Task instructions - Reproduce the material below only from the line with "Kinder in fantasievollen" to the line with "Slide: The Image", both included, keeping each line exact and dropping the pictures.

Information supplied -

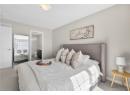 Carpeted bedroom featuring ensuite bath and baseboards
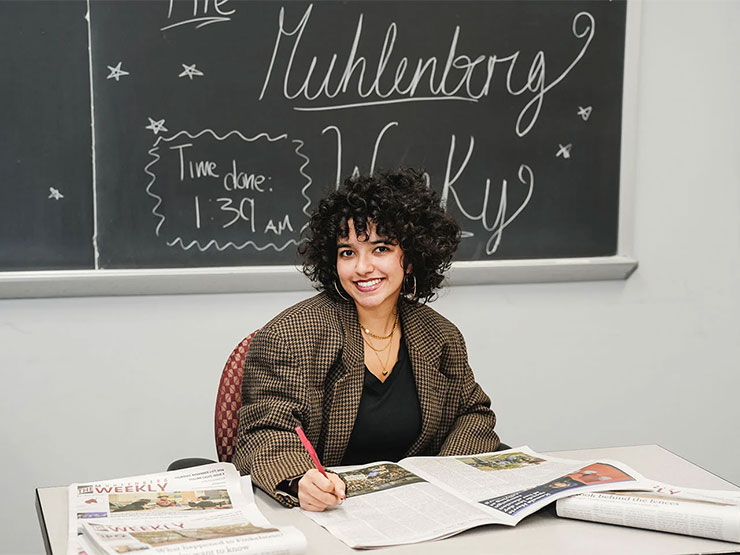 Keanna Peña smiles while making edits to the The Muhlenberg Weekly student newspaper.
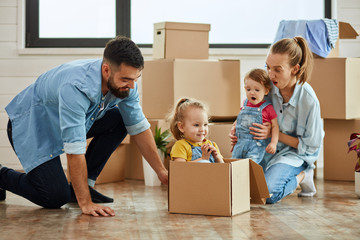Fototapeta na wymiar Caucasian family, man, woman and two girls play, smile with moving box. Mother hugs youngest daughter, father sat eldest daughter into box and move. In background boxes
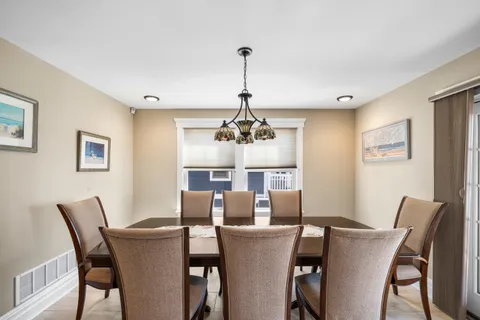 a view of a chairs on the roof deck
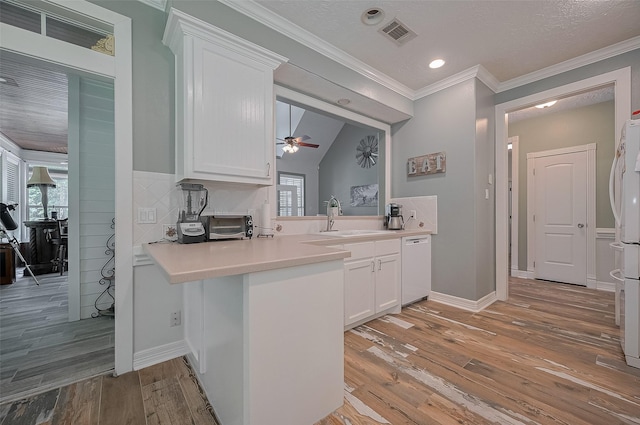 8946 Catamaran Way, Montgomery, TX 77316 - kitchen with a sink, white dishwasher, white cabinets, light wood finished floors, and crown molding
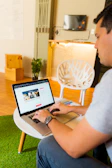person in white shirt using macbook air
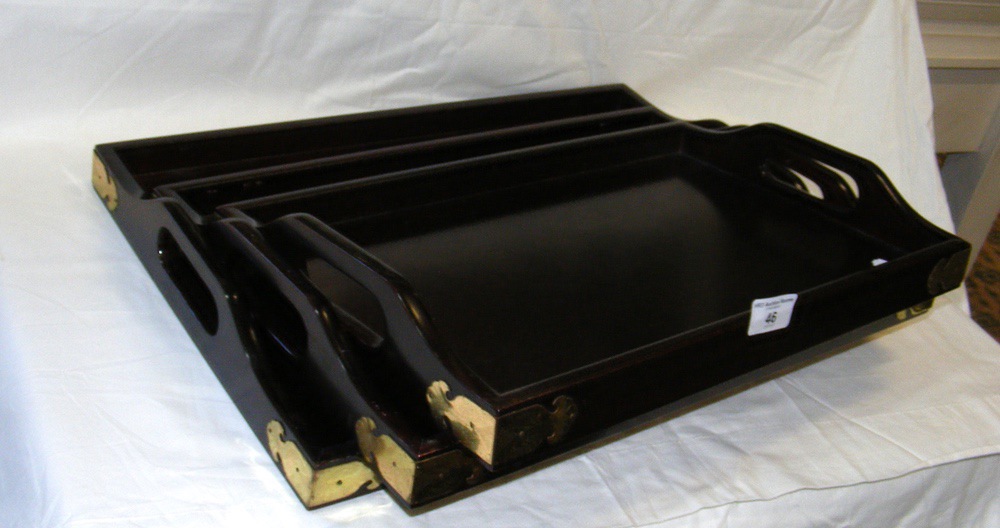 A set of three hardwood oriental serving trays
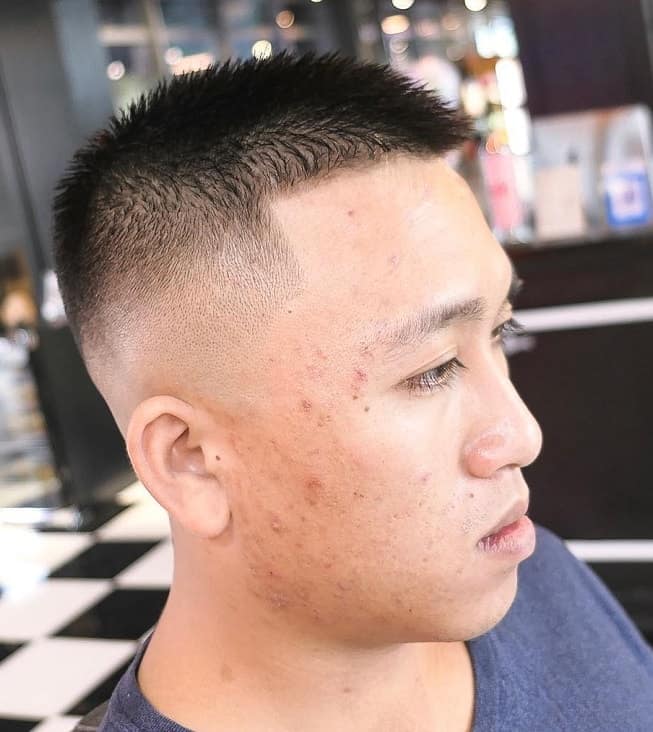 Asian guy with butch cut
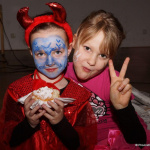 Kinder in fantasievollen Faschingskostümen mit buntem Gesichtsschmink und Süßigkeiten.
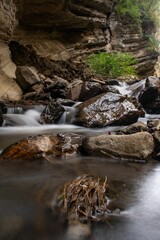 Wall Mural - Long exposure of a river in a green forest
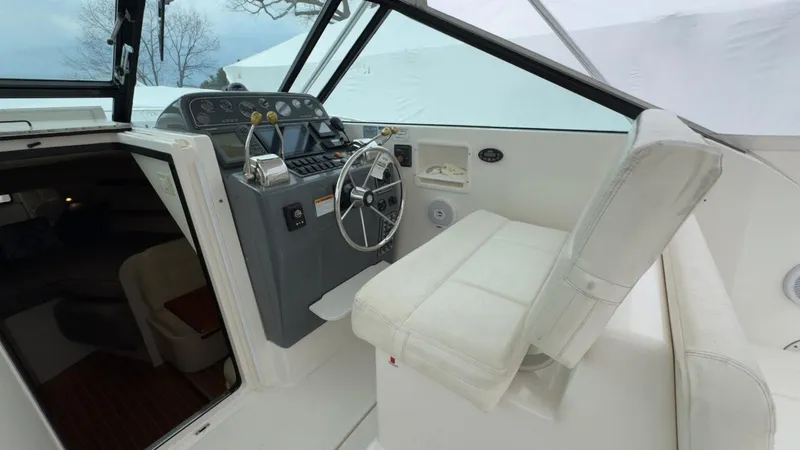Slide: The Image of 2005 Tiara Yachts 2900 Open helm with white seating and control panel. - 16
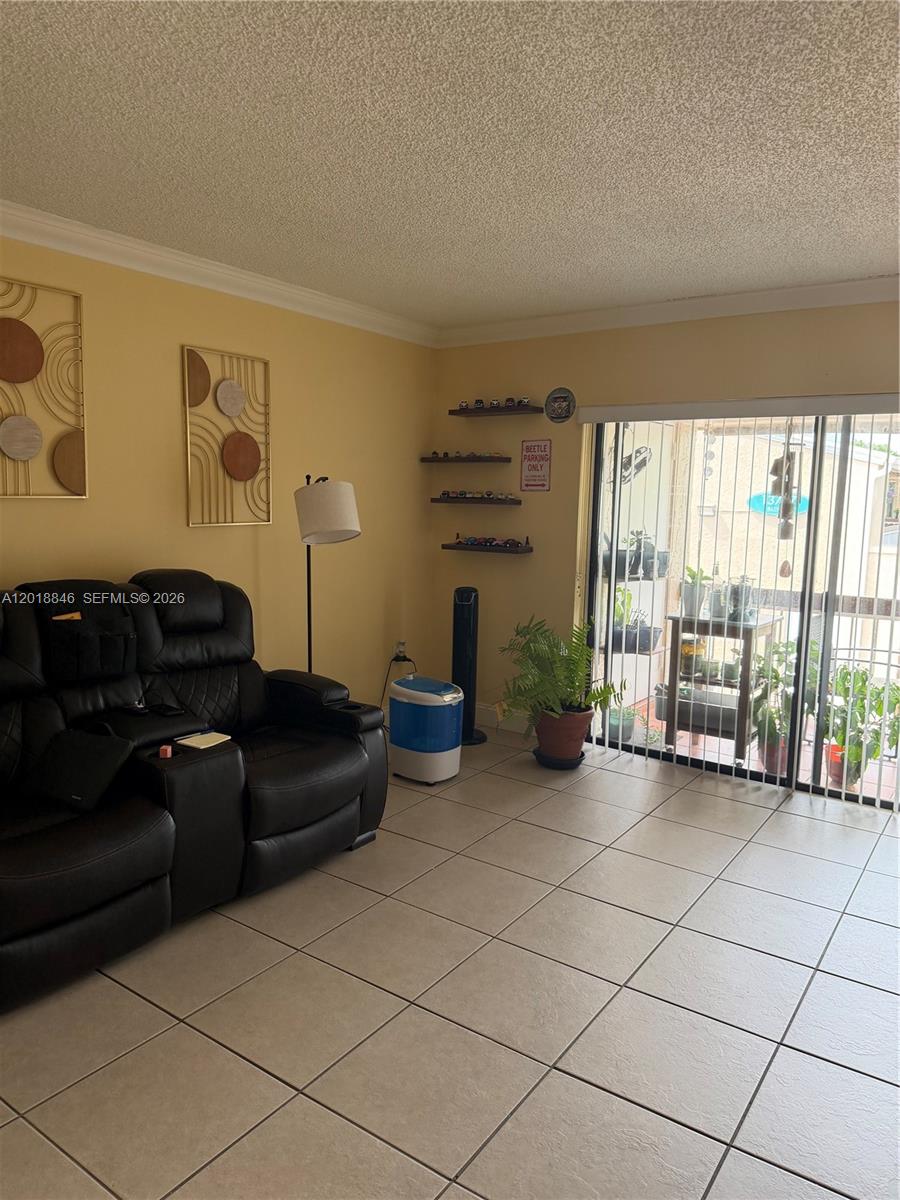 A living room features a black leather recliner, tile flooring, wall art, and a sliding door — 13781 SW 66th St # 231B, Miami FL 33183, MIAMI, FL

Response to the exercise -
 Kinder in fantasievollen Faschingskostümen mit buntem Gesichtsschmink und Süßigkeiten.
 Wall Mural - Long exposure of a river in a green forest
Slide: The Image of 2005 Tiara Yachts 2900 Open helm with white seating and control panel. - 16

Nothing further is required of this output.